Torna agli scenari (ricostruiti) della memoria che conserva, ripete i gesti per fissarli in ulteriori fotografie mentali, attraverso la nuova rappresentazione dei momenti passati con i genitori ne genera di nuovi, quelli che avrebbe voluto vivere prima che morissero. Le sue creature di fantasia appaiono allora come fantasmi inconsapevoli della loro condizione. Con loro riesce ad essere sincero per la prima volta, parlando della sua omosessualità e degli eventi che avrebbe voluto fossero andati diversamente, come quando la durezza di suo padre lo faceva soffrire e si sentiva incompreso e abbandonato.
Cristallizzati in un’epoca viva solo nella reminiscenza, i due hanno i vestiti che Adam ricorda, e tutto è bloccato in una rappresentazione fatta di proiezioni e sovrapposizioni sature in stile primi anni ’90, come nella sequenza in cui ultimano l’albero di Natale tutti insieme: sembra uscita da una VHS di qualche film su Babbo Natale.

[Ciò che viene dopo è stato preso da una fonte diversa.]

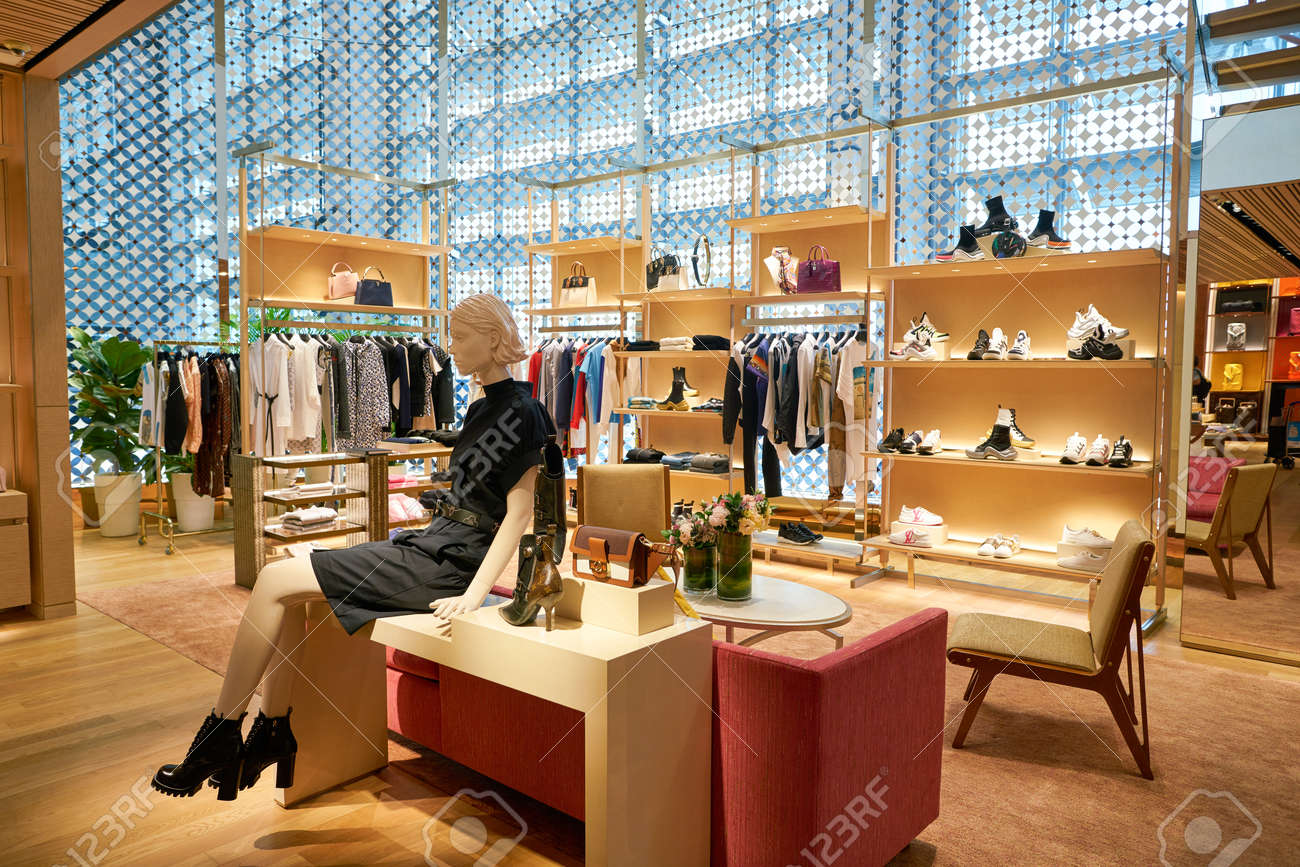 Louis Vuitton Singapore Changi Airport T3 Store in Singapore Singapore LOUIS VUITTON #23 Louis Vuitton Singapore Changi Airport T3 Store in Singapore Singapore LOUIS VUITTON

Qualsiasi, significante, superficie del film di Haigh, dall’estetica dei personaggi alla scelta della colonna sonora, dalla fotografia di Jamie D. Ramsay alle scenografie di scenografie di Sarah Finlay, cerca di conservare quel respiro, quell’atmosfera fatta di oggetti, anche insignificanti, come un accendino o un pigiama da bambino, che il protagonista ha perduto per sempre.
Sleeping with Ghosts
Dry your eye
Sleeping With Ghosts, Placebo
Soul mate dry your eye
Cause soul mates never die
Le anime gemelle non muoiono mai, cantavano i Placebo nel 2003, ma All of Us Strangers non è un film sull’amore, bensì sulla possibilità di aprirsi finalmente a esso. L’eventualità che un estraneo come Harry entri in quel sottile equilibrio sconnesso fatto di illusioni e traumi, nonché deleteria coazione a ripetere, frammenta la proiezione di Adam, illumina una nuova comprensione di sé e del groviglio che gli pesa costantemente sul petto.

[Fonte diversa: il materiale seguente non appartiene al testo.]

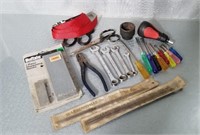 Lot of miscellaneous items-Sharpening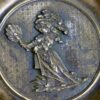 Антикварна фруктовниця
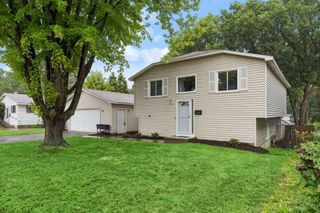 1888 Walnut Street, Saint Paul, MN 55113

SPOILER ALERT – Durante una serata in un locale, Adam finisce in un trip da ketamina, che innesta nel sogno romantico un incubo mostruoso, fatto di demoni e solitudine, sproporzionato e devastante. Cominciamo a capire che la sua immaginazione è ben oltre la trasposizione letteraria: il suo è un delirio cosciente? O vive una serie di eventi sovrannaturali? Neanche la relazione con Harry è come la mente di Adam ce l’aveva mostrata. E dormire con i fantasmi diventa un’abitudine.
In breve
Bloccare il ricordo di una notte di Natale del 1987, prima che un evento terribile mettesse fine all’infanzia di Adam: è il bisogno urgente che lo scrittore protagonista vive, scontrandosi con la realtà e con la solitudine. E quando si innamora di Harry, simbolica rappresentazione di un’altra parte di sé, scopre sentimenti assopiti da anni.
All of Us Strangers, scritto e diretto da Andrew Haigh, gioca con la memoria e con l’impossibilità di riviverla, toccarla, modificarla. Un viaggio nel tempo mentale che scandaglia le mancanze del presente attraverso i romantici e tragici ricordi di un uomo perso nelle sue costruzioni inconsce.